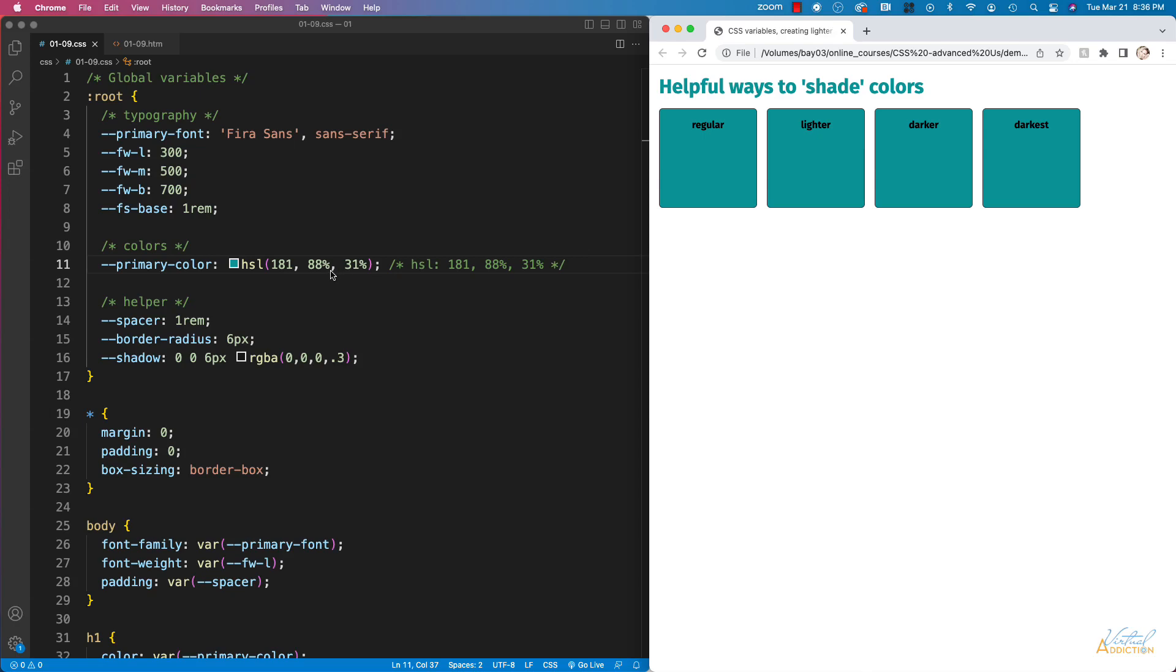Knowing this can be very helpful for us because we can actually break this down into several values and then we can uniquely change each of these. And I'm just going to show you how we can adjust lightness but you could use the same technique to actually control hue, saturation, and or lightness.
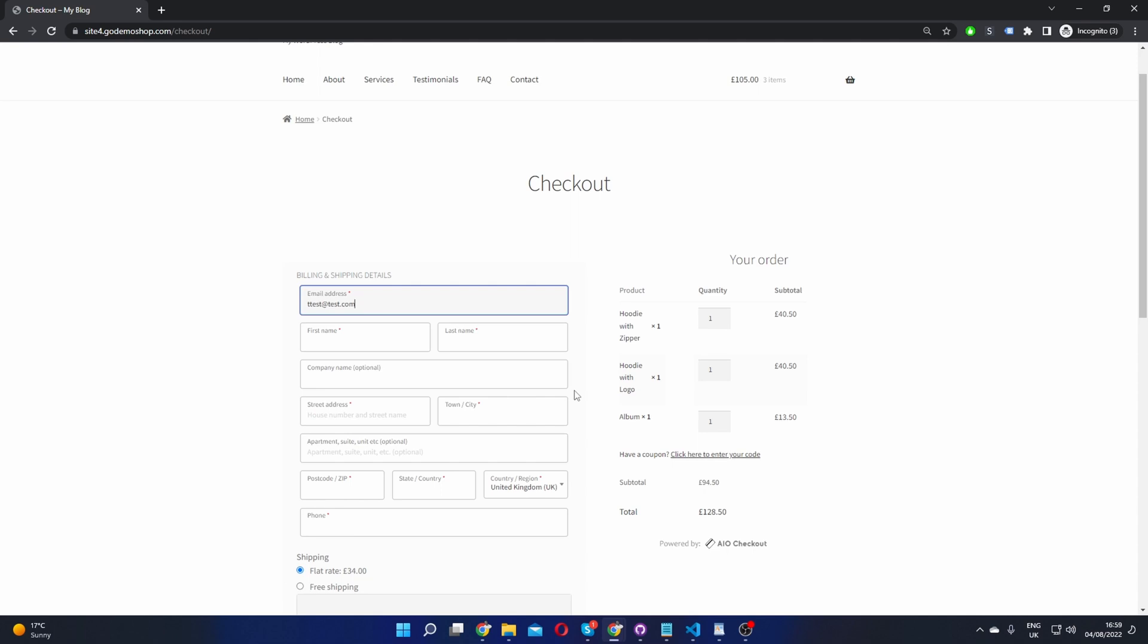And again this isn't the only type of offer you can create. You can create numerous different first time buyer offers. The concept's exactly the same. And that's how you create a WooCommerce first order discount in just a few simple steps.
::::
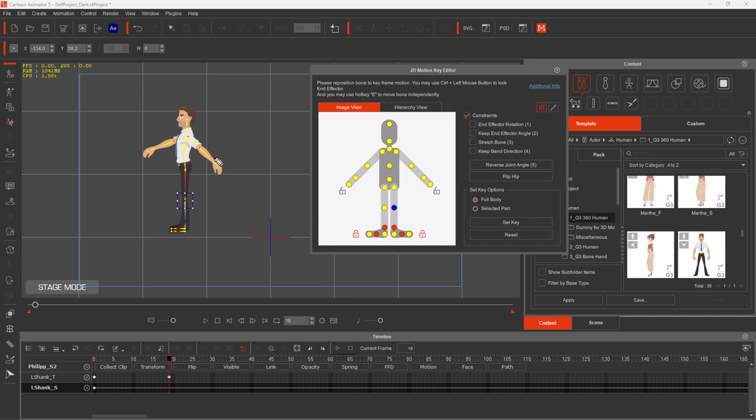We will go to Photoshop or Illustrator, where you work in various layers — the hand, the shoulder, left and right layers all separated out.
::::
## Your task:
Out of the records above, please copy exactly the lines from the line with "Knowing this can" up to and including the line with "And again this", minus the pictures.

## Response below:
Knowing this can be very helpful for us because we can actually break this down into several values and then we can uniquely change each of these. And I'm just going to show you how we can adjust lightness but you could use the same technique to actually control hue, saturation, and or lightness.
And again this isn't the only type of offer you can create. You can create numerous different first time buyer offers. The concept's exactly the same. And that's how you create a WooCommerce first order discount in just a few simple steps.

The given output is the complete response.